En wat denkt u van Mozes’ moeder en haar vertrouwen in God? Ze nam een biezen mandje, besmeerde de binnenkant met pek zodat het geen water doorliet, legde Mozes erin en zette het in het riet bij de rivier. Ze wist dat de dochter van Farao en haar slavinnen daar zouden komen om te baden en ze wilde haar baby redden van het doodvonnis.

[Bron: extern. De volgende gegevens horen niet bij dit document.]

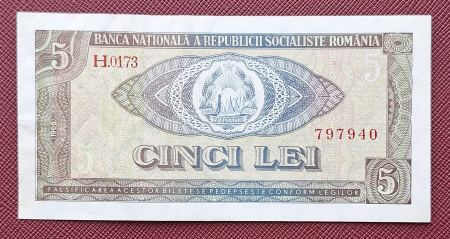 Bancnote Romania - Romania 5 lei 1966, seria H.0173/797940, circulata, stare buna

Hoe kunnen wij een dergelijk vertrouwen hebben? Door meer te leren begrijpen van God. Wanneer wij God beter leren kennen als Liefde die altijd voor ons zorgt, als Waarheid die ons leidt, als wijsheid die voorziet in wat we nodig hebben, als Gemoed dat ons bestuurt, dan zijn we op de goede weg om God volkomen te vertrouwen. Mary Baker Eddy, de grondlegster van Christian Science, schreef in haar boek Wetenschap en Gezondheid met Sleutel tot de Heilige Schrift: “Elke beproeving van ons geloof in God maakt ons sterker” (blz. 410).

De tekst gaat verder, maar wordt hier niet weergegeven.